Yurtdışından yazan Bernar Kutluğ'un şu satırlarını da, tam karşı kutupta yer alan dönemin sosyalistlerinin duyguları olarak Muhsin Başkan'ı sevenlerin okumasını istiyorum:

Sayın Türköne,

"...Ülkemizde sağ ve sol yoksayıcı, ötekileştirici dilden kurtulma erdemini gösteremediği sürece, varılabilecek pek bir yer yok. Kaldı ki, benim ümidim yeni kuşak insanlarımızda. Biz (ülkücüler ve devrimciler), çok çok yazık ki, vakti zamanında mütevazı boyutlarda da olsa bir diyalog, diyaloğu bir yana bırakın, bir samimi merak, içten bir tanıma isteği yaratamamıştık gençlik yıllarımızda. Her iki taraf da yalnızca düşmanlıktan beslenir gibiydi. Ben, 12 Eylül'den çok çok sonra, pasaport alma uğraşısı sırasında öğrendim yüreğimi MHP'li bir militana açabileceğimi, Türkiye'den ayrılmazdan hemen önce: Ankara'ya gitmiştim eski sıkıyönetim mahkemelerindeki binlerce dosyanın muhafaza edildiği bir devlet binasında kendi dosyalarımı bulmak için. Kapıyı arkamdan kilitleyip, "dosyanı bulduğunda kapıya vur, gelip açacağız" demişlerdi. İçeride, benim gibi kendi dosyasını arayan bir insan daha vardı. On bir yıl kalmıştı cezaevlerinde. Bir saati aşkın birlikte arandık dosyalarımızı, kendiliğinden gelişen bir sohbet eşliğinde. İlkin o kendi dosyasını buldu, ardından bir süre sonra ben. Birlikte ayrıldık o itici binadan, bir çay bahçesinde sürdürdük söyleşiyi. Sayın Yazıcıoğlu gibi Sivaslı idi o arkadaşım da. Benden çok daha uzundu. Ayrılırken beni kucakladı. Bir İLK idi yaşadığım o günkü duygu, ama yabancılaşmadım o sıcak duyguya sonraki yıllarda. Bugün artık çok çok iyi bildiğim, asla ödün vermeden yaşantımı tamamlamak istediğim gerçek şu ki, insanı insan yapan değerler ideoloji ile ilintili değil pek. Başörtüsü zulmüne uzaktan seyirci olan bir devrimci, eski Dev-Genç lideri olsa ne yazar; Sayın Yazıcıoğlu'na yiğit demeye getiremiyorsa dilini, o dilden bu ülke hayrına işitilecek ne söz çıkar? Ergenekon orada, burnumuzun ucunda dururken, AKP düşmanlığını seçen solcu, bir kütüphane dolusu kitap hatmetmiş olsa ne yazar? Uzun sözün kısası, sayın Türköne, Sol'un tümden yıkılıp çok daha başka değerlerle yeniden inşası, bir sorumluluk. Ama, yalnızca ideolojik bir sorumluluk değil bu, yalnızca Leninizm, Kemalizm vb. budalalıklardan arınmaktan ibaret bir sorumluluk değil. Bu aynı zamanda, yiğit olana yiğit demekte hiçbir beis olmadığını da anlama, idrak etme sorumluluğu. Ezber bozan seslere çok çok ihtiyacımız var..."
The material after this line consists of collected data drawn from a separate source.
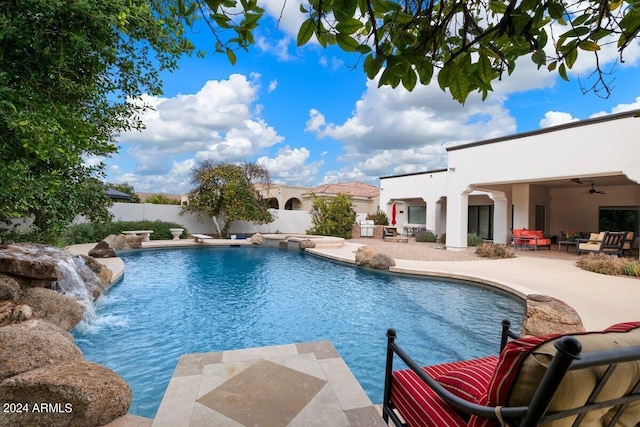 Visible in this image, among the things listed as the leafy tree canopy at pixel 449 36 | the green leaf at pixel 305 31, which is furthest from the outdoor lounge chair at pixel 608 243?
the green leaf at pixel 305 31

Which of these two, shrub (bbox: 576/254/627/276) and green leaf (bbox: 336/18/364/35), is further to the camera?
shrub (bbox: 576/254/627/276)

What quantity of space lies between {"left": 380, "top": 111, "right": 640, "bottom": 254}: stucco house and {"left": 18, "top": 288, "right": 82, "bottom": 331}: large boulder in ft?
46.8

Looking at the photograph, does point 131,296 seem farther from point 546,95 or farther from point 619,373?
point 546,95

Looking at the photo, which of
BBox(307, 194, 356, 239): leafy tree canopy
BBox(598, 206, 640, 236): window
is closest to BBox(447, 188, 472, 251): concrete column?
BBox(307, 194, 356, 239): leafy tree canopy

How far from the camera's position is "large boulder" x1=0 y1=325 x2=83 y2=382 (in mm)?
2715

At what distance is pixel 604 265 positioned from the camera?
933cm

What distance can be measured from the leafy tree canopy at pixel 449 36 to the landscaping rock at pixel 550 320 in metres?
4.16

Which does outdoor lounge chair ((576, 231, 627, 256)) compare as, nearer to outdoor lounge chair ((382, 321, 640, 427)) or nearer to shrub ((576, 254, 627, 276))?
shrub ((576, 254, 627, 276))

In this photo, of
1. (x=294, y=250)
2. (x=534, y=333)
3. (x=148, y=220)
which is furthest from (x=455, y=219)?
(x=148, y=220)

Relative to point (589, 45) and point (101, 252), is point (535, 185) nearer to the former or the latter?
point (589, 45)

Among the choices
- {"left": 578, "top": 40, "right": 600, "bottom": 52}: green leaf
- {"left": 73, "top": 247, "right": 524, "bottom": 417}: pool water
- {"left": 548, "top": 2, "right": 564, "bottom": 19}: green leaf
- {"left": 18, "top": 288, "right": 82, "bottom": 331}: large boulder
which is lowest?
{"left": 73, "top": 247, "right": 524, "bottom": 417}: pool water

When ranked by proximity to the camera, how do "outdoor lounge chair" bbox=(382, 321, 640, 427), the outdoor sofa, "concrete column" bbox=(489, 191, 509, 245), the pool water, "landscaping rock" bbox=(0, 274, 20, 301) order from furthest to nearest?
1. "concrete column" bbox=(489, 191, 509, 245)
2. the outdoor sofa
3. the pool water
4. "landscaping rock" bbox=(0, 274, 20, 301)
5. "outdoor lounge chair" bbox=(382, 321, 640, 427)

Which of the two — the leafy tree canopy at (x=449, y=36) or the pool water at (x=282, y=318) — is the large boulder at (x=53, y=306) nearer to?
the pool water at (x=282, y=318)

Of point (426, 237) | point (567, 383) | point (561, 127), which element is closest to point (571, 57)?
point (567, 383) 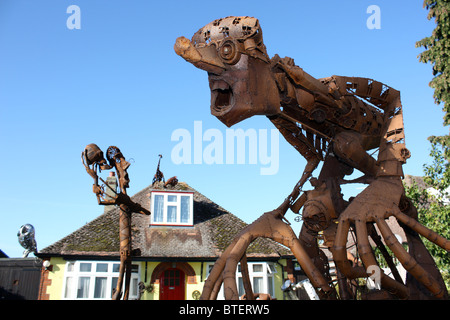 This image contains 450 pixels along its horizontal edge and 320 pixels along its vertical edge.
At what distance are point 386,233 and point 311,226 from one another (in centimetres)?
144

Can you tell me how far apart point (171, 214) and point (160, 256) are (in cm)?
296

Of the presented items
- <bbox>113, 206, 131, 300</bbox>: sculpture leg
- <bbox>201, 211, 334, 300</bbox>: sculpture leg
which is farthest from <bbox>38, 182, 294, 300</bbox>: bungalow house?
<bbox>201, 211, 334, 300</bbox>: sculpture leg

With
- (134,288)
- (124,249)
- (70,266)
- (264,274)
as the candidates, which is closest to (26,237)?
(70,266)

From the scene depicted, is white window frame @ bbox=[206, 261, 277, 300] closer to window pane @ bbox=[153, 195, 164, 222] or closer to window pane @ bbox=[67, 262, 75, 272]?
window pane @ bbox=[153, 195, 164, 222]

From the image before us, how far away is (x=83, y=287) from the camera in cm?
Result: 1820

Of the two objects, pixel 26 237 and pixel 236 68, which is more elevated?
pixel 26 237

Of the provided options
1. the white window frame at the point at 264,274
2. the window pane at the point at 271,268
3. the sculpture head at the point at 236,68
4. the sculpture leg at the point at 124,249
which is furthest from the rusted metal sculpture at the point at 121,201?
the window pane at the point at 271,268

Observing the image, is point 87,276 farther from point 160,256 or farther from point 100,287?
point 160,256

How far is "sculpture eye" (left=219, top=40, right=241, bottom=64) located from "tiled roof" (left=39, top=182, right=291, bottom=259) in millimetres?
13987

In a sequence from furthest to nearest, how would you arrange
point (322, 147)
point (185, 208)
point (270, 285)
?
1. point (185, 208)
2. point (270, 285)
3. point (322, 147)

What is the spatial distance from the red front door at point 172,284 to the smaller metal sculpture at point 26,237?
11295 millimetres

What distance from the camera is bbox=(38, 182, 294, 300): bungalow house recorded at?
18.2m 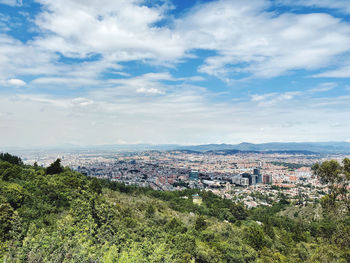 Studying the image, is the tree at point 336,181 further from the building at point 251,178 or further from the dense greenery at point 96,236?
the building at point 251,178

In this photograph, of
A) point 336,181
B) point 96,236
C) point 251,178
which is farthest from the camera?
point 251,178

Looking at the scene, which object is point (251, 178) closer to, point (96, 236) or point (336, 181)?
point (336, 181)

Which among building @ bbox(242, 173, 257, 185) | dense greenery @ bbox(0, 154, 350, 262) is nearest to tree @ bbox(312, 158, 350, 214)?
dense greenery @ bbox(0, 154, 350, 262)

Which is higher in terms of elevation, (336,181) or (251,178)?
(336,181)

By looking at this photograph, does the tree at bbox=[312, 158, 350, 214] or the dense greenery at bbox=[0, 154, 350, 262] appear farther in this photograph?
the tree at bbox=[312, 158, 350, 214]

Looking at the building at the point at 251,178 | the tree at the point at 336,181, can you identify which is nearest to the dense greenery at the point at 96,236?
the tree at the point at 336,181

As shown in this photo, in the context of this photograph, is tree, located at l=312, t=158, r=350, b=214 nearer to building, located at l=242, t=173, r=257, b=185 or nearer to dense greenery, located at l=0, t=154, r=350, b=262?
dense greenery, located at l=0, t=154, r=350, b=262

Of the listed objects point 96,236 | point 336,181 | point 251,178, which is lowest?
point 251,178

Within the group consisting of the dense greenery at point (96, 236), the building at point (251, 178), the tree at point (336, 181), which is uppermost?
the tree at point (336, 181)

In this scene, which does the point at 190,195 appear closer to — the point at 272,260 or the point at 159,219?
the point at 159,219

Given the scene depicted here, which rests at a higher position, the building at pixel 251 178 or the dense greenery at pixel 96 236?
the dense greenery at pixel 96 236

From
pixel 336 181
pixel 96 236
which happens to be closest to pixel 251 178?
pixel 336 181

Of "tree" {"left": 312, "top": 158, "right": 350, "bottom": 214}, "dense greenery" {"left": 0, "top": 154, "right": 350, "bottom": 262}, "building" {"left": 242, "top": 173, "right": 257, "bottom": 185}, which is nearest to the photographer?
"dense greenery" {"left": 0, "top": 154, "right": 350, "bottom": 262}

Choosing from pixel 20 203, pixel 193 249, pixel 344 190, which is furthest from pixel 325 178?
pixel 20 203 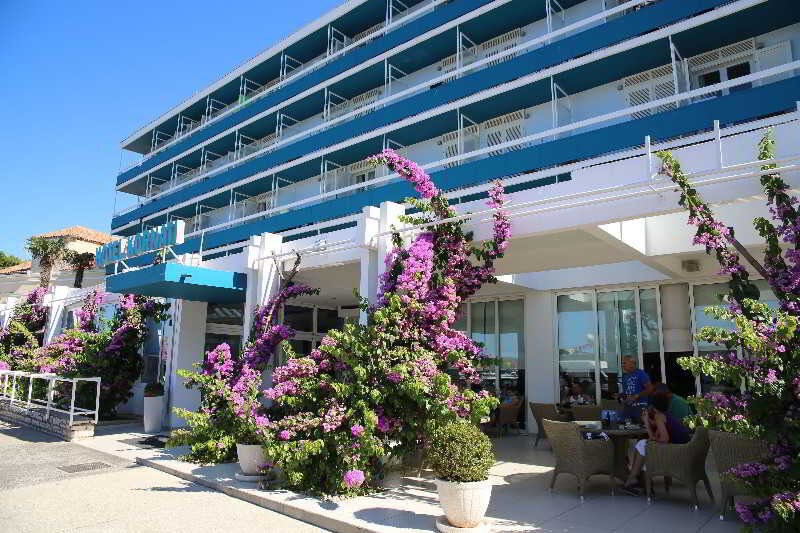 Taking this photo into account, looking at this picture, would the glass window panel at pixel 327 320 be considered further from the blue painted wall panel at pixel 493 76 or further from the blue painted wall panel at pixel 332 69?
the blue painted wall panel at pixel 332 69

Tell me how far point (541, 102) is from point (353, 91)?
11179mm

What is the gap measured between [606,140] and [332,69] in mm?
15926

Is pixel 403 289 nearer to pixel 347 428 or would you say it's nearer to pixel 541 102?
pixel 347 428

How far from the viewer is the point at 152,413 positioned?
41.2 feet

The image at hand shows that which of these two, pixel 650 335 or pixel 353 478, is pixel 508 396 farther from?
pixel 353 478

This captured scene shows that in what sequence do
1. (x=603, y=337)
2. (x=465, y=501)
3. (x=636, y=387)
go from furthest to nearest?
(x=603, y=337) < (x=636, y=387) < (x=465, y=501)

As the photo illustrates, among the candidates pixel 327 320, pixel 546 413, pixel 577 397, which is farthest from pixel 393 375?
pixel 327 320

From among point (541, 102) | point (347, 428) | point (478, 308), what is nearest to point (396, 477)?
point (347, 428)

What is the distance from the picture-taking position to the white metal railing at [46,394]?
12352mm

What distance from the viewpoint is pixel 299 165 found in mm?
29344

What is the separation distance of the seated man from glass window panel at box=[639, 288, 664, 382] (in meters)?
4.01

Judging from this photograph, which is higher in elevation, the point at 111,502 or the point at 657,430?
the point at 657,430

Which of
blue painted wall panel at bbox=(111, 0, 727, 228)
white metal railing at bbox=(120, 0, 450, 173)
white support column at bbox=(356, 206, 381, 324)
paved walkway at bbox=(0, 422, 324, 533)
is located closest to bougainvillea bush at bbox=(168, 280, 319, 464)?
paved walkway at bbox=(0, 422, 324, 533)

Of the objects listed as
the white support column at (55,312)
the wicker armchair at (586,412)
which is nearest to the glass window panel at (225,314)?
the wicker armchair at (586,412) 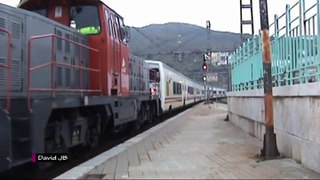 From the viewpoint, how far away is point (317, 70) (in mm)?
8836

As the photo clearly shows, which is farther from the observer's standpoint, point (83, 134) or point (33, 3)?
point (33, 3)

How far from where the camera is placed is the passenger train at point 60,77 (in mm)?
8133

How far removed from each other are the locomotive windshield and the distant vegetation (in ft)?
126

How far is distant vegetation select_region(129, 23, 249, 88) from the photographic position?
210 feet

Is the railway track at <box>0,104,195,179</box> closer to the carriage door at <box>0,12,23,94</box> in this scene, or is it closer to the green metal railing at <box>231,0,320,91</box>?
the carriage door at <box>0,12,23,94</box>

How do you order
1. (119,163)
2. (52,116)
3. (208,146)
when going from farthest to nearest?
(208,146), (119,163), (52,116)

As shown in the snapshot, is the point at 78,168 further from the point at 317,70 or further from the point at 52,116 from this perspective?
the point at 317,70

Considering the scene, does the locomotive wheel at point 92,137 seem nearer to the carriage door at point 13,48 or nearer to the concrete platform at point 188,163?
the concrete platform at point 188,163

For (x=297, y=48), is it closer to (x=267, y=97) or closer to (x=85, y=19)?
(x=267, y=97)

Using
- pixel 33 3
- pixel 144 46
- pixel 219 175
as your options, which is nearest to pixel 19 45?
pixel 33 3

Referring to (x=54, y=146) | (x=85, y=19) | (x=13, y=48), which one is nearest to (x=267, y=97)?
(x=54, y=146)

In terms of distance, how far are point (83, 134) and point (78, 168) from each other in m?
1.87

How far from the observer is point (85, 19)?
1277 centimetres

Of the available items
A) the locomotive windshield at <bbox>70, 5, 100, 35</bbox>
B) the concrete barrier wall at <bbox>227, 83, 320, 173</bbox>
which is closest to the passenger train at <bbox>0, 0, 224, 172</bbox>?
the locomotive windshield at <bbox>70, 5, 100, 35</bbox> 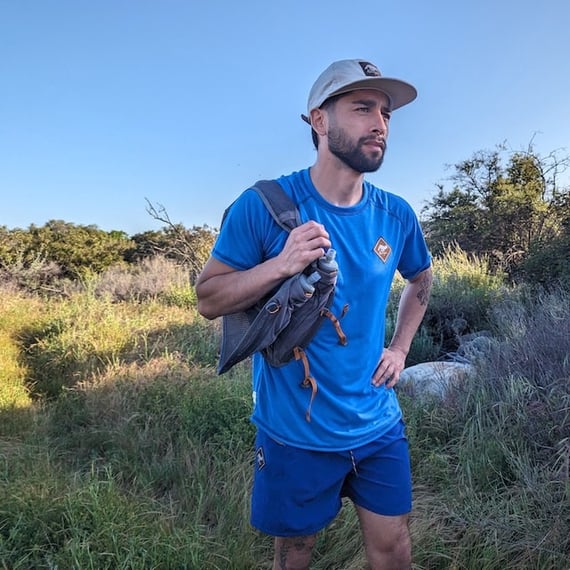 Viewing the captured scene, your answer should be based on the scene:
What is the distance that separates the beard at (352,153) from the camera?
2.14 meters

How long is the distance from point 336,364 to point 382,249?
519 mm

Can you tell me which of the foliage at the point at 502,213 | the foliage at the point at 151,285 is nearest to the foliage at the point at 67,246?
the foliage at the point at 151,285

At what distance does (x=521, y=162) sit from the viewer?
41.1 ft

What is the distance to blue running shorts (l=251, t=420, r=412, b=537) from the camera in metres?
2.08

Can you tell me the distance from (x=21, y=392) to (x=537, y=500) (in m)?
5.28

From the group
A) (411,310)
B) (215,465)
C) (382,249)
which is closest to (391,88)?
(382,249)

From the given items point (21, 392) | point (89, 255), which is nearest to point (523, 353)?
point (21, 392)

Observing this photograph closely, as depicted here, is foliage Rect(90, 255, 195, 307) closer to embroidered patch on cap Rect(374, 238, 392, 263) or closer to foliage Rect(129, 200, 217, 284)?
foliage Rect(129, 200, 217, 284)

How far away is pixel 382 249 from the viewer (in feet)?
7.27

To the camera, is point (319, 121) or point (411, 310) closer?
point (319, 121)

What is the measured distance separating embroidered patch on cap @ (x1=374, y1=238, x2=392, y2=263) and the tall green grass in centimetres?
164

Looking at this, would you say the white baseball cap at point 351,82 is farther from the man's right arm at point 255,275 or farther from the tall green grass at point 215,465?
the tall green grass at point 215,465

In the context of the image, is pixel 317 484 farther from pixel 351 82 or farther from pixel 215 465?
pixel 215 465

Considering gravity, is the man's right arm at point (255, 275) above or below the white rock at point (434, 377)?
above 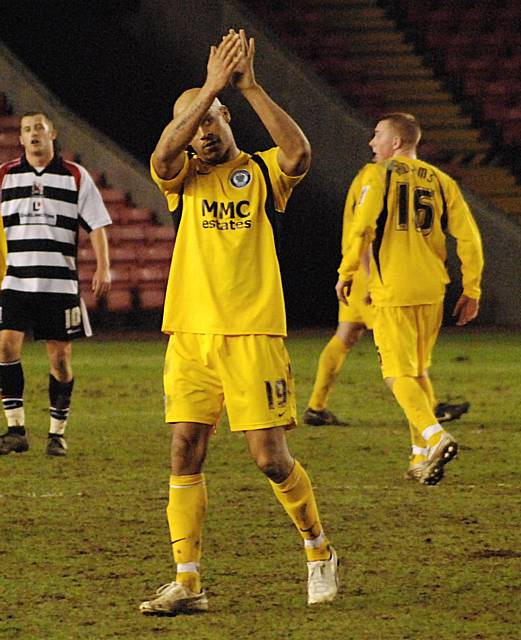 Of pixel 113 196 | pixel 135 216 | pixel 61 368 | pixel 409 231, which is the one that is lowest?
pixel 135 216

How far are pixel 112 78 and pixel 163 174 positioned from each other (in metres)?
17.8

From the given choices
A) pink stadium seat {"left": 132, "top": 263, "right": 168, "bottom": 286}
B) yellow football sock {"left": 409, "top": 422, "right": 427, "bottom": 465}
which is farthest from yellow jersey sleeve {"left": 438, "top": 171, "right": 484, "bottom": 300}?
pink stadium seat {"left": 132, "top": 263, "right": 168, "bottom": 286}

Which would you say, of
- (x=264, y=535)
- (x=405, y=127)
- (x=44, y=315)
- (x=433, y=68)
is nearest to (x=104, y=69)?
(x=433, y=68)

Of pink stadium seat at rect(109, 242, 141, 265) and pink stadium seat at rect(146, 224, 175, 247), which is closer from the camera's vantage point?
pink stadium seat at rect(109, 242, 141, 265)

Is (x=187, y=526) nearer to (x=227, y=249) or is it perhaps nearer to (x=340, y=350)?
(x=227, y=249)

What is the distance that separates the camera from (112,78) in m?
22.5

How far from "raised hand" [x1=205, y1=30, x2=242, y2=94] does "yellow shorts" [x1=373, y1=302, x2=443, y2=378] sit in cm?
310

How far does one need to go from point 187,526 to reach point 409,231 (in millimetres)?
2995

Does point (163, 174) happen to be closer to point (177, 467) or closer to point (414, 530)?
point (177, 467)

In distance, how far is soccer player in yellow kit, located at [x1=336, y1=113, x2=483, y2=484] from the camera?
757 centimetres

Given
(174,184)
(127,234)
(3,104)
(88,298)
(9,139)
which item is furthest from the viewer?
(3,104)

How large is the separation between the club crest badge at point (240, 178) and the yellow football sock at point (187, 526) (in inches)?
38.4

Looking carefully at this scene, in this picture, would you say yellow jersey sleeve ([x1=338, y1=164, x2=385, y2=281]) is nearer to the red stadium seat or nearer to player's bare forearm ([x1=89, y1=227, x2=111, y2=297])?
player's bare forearm ([x1=89, y1=227, x2=111, y2=297])

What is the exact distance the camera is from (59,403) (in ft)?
28.2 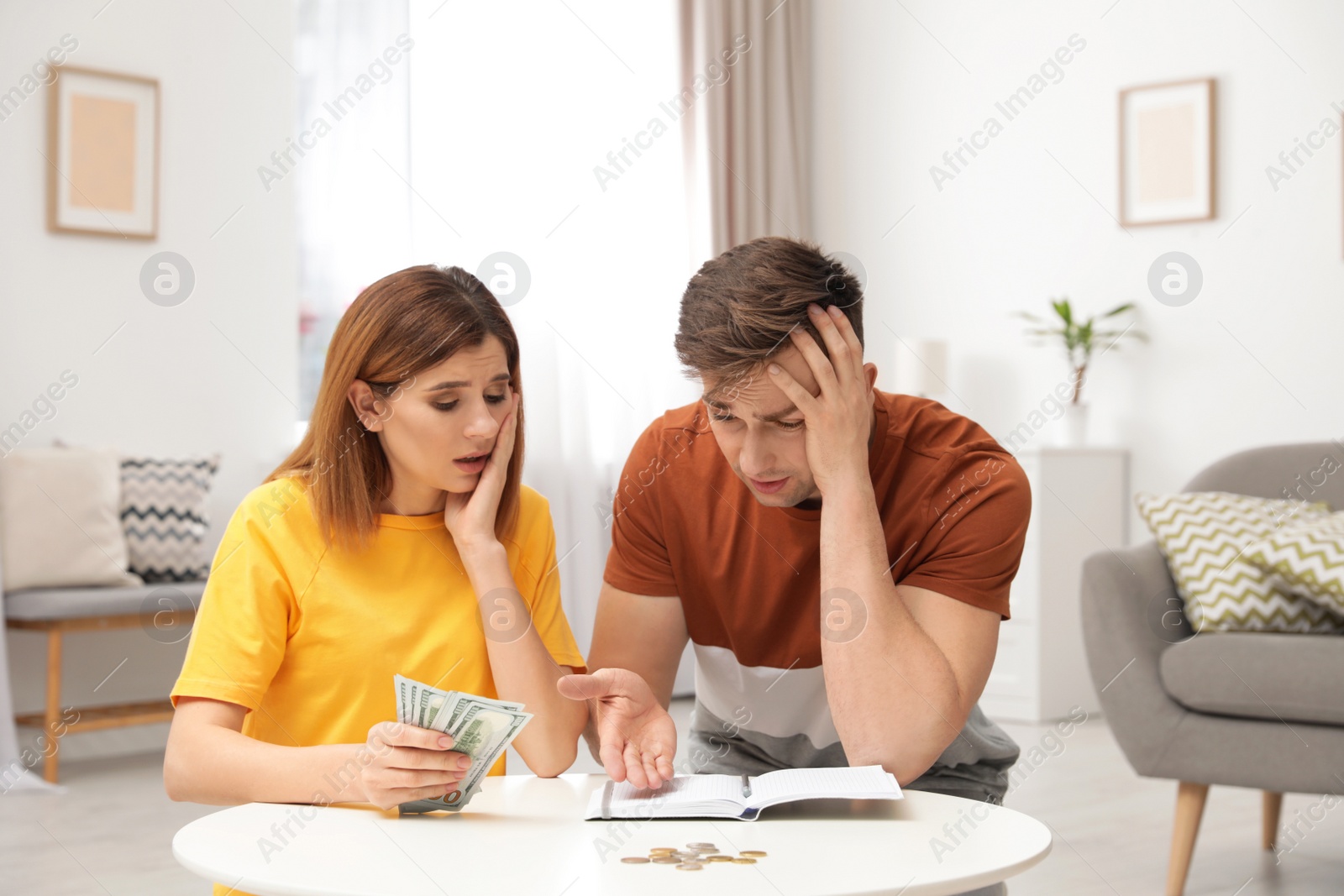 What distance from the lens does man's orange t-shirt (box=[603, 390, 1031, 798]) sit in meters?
1.65

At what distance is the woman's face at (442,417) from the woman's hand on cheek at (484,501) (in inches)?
0.6

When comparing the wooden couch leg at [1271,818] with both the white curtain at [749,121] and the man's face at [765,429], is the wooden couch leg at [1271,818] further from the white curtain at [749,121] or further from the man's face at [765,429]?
the white curtain at [749,121]

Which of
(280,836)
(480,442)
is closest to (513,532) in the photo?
(480,442)

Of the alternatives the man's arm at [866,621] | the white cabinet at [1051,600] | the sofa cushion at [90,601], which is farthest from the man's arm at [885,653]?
the white cabinet at [1051,600]

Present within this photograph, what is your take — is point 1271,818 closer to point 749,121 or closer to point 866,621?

Muhsin Başkan'dan bir anekdot naklederken, o dönemde Mülkiye'de karşımızda yer alan Devrimcileri kırmışım. Maksadım bu değildi. O yıllarda, okula gidemediğimiz için öğrenimini yarıda bırakan arkadaşlarım da dahil, hepimiz sağlı-sollu kaybettiklerimizden üzüntü duyuyoruz. Bizim ifade edecek vesile bulamadığımız bu üzüntüyü, solcuların Muhsin Başkan'ın cenazesi vesilesiyle gösterdiğine inanıyor ve duygularımızın karşılıklı olduğunu düşünüyorum.

Önceki gün Muhsin Başkan'la birlikte toprağa verdiğimiz hüzünlü geçmişi ve 70'li yıllarda hayatını kaybedenlerin tamamını saygıyla anıyorum.